Araç üreticisi firma lastik basınçları için yüklü/yüksüz,şehir içi/otoyol gibi başlıklarda diyelimki şehir içi için ön 32 psı,arka 36 psı desin. Yani,32.000 minik kauçuk top ön lastiğe,36.000 minik top arka lastik içine sıkıştırılsın. Lastiğin içine verdiğimiz adet kadar minik top sıkıştırırsak güvenlik,konfor,yakıt ekonomisi v.s yani her alanda ideal konumdayız. Fakat diyelimki 32.000 yerine 30.000 minik top koyduk.Eksilen alan topların daha rahat hareket etmesine izin verecektir.Toplar daha rahat ve yüksek hızlarda birbirlerine çarpmaya başlıyacak ve kendi sıcaklıkları yanında yaydıkları ısı enerjisi de artacaktır.ısınan cisimler genleşir. Genleşme nedeniyle kendilerini saran lastiğin her milimetre karesinden dışa doğru itmeye başlıyacaklardır. Araç hareket etmeye ve lastik içindeki sıcaklıkta artmaya devam ederse,lastiğe uygulayacakları güçte artacaktır.Bütün bu sürecin sonuda güvenlik anlamında risk demektir.
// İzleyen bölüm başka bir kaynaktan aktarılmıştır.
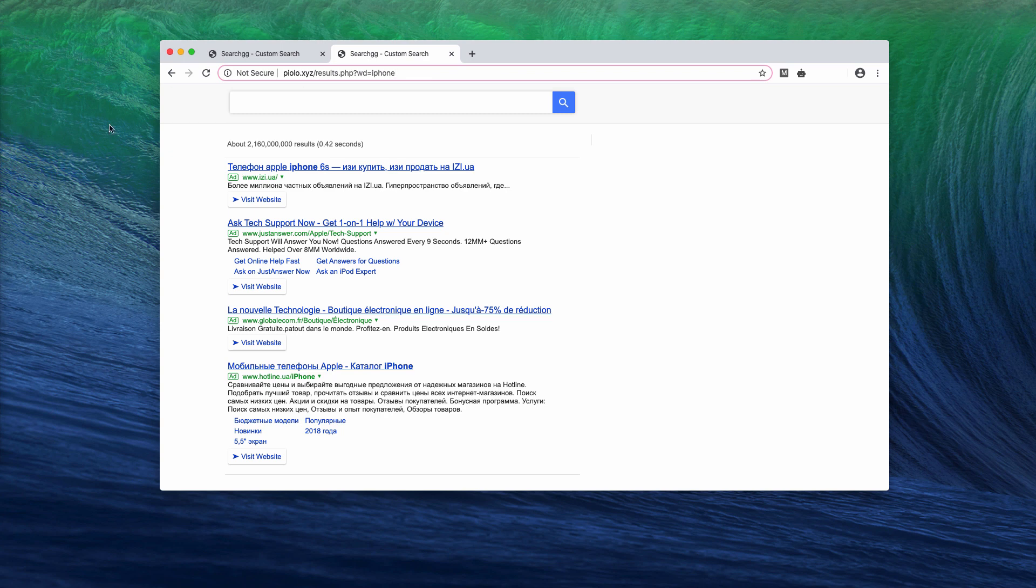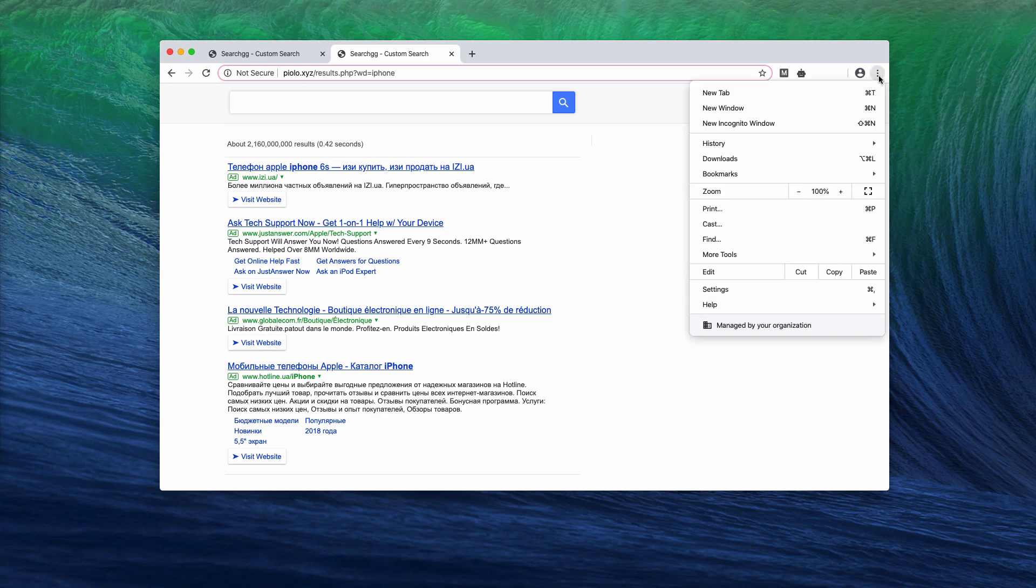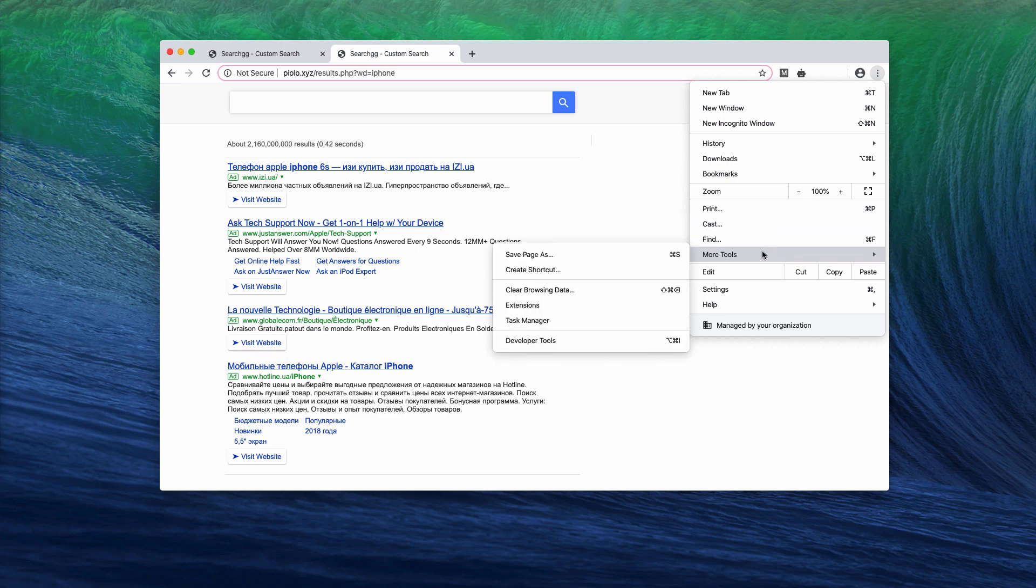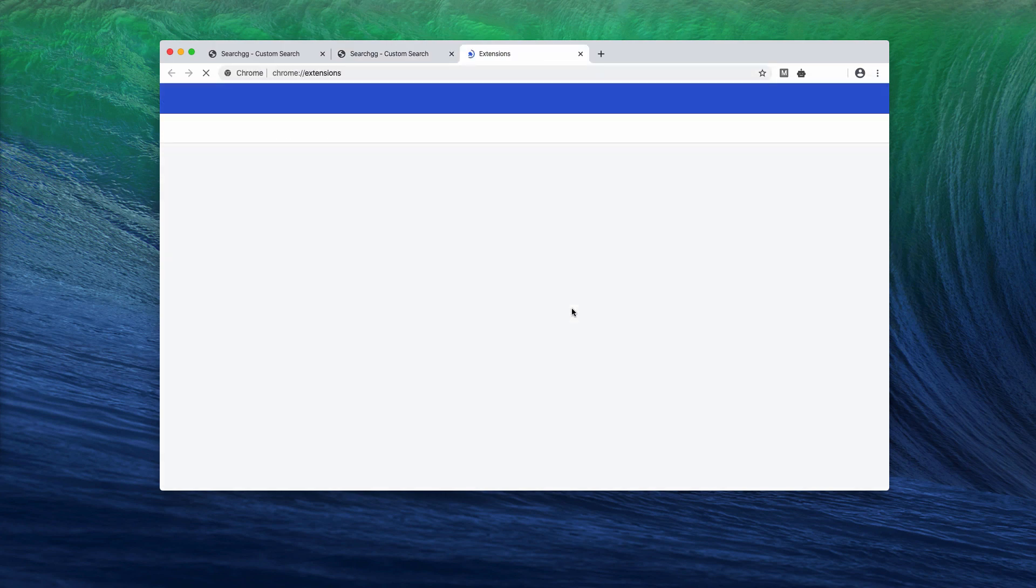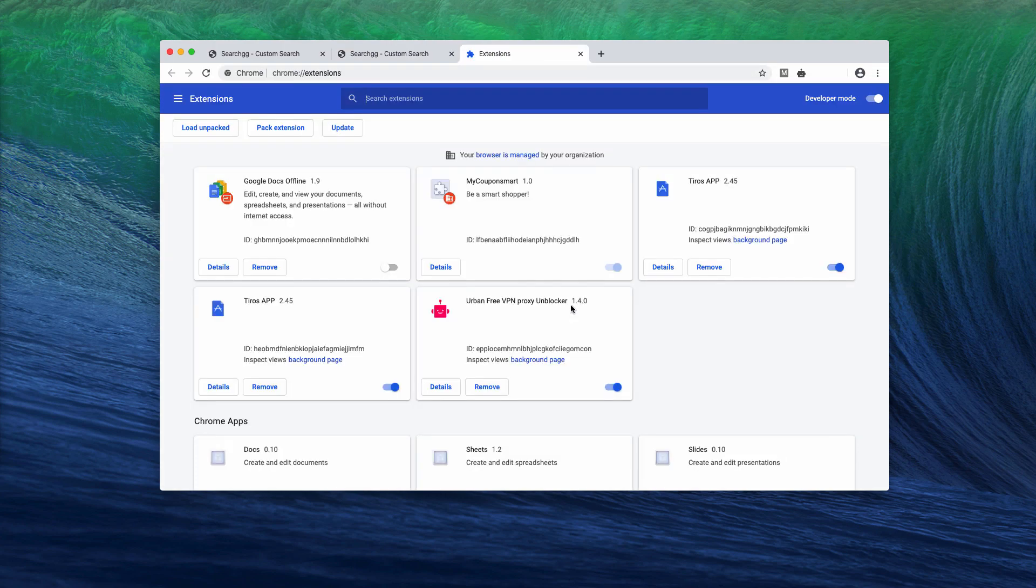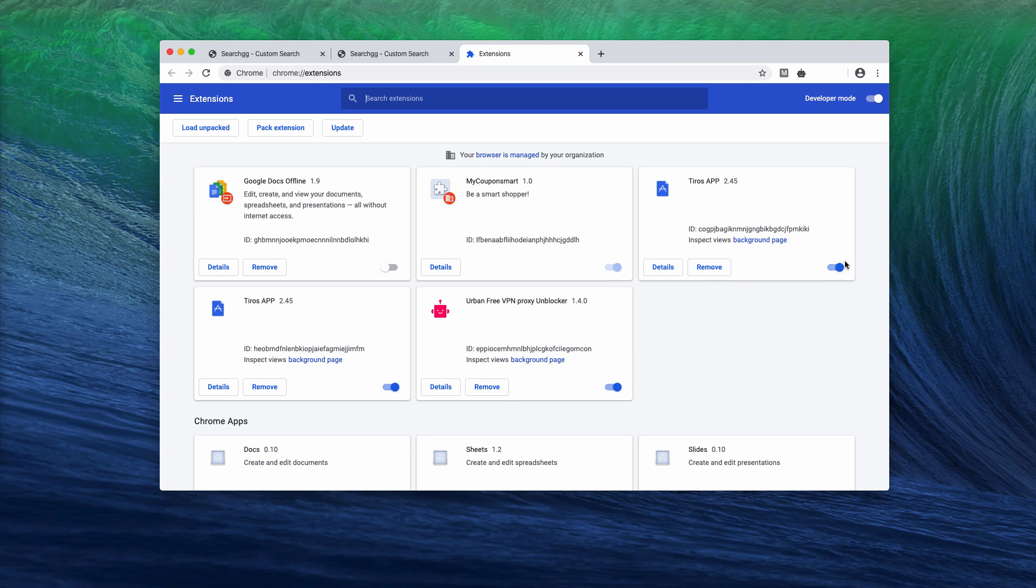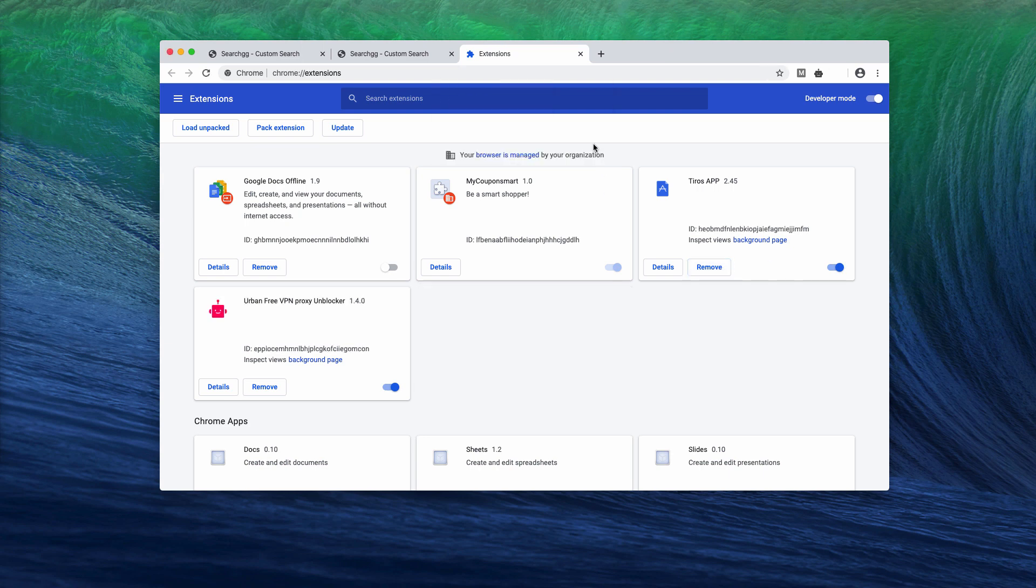So first of all, you go to the browser menu, click on more tools and extensions, find this tires app extension and make sure you remove it. There may be a couple of them at the same time; you may disable them and then remove.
Lastiğin üzerinde Temperature yazar, buda lastiğin çalışırken bünyesinde oluşan ısıyı tahliye edebilme yeteneğinin derecesidir.”C” en düşükten başlar ve arada “B” olarak “A” kadar gider. Burdan şu sonuç çıkmasın “C” kolay patlar. Bu test labaratuar ortamında ,değişkenlerin en alt seviyede tutulduğu yapılan testlerdir. Diyelimki,en düşük derece için 150 km/s hıza 30 dakika dayandı. Gerçek çalışma koşullarında bunun karşılığı bu olamaz. Çünkü,hava ne kadar sıcak olursa olsun,lastiğin sıcaklığına yükselmez ve lastik kendi bünyesinde oluşan ısıyı kendini saran havaya tahliye eder.
Unutulmaması gereken,lastiğin yola tutunabilmesi için,mutlaka belli ısı değerlerine ulaşması gerekiyor.Yarış lastikleri hariç ,bu ısınma düzeyi kabaca 80-95 C civarıdır. Bu ısı değerleri aşılmaya başlanırsa önce taban kauçuk karışımı esnekliğini yitirmeye,koyu kıvamlı pelte ( ki bu erimeye başladığını gösterir ) konumuna gelir ve tutunma biter. İşte bu yüzdendirki,lastiklerin düzenli ve doğru şekilde havalarının kontrolü oldukça önem arzeder.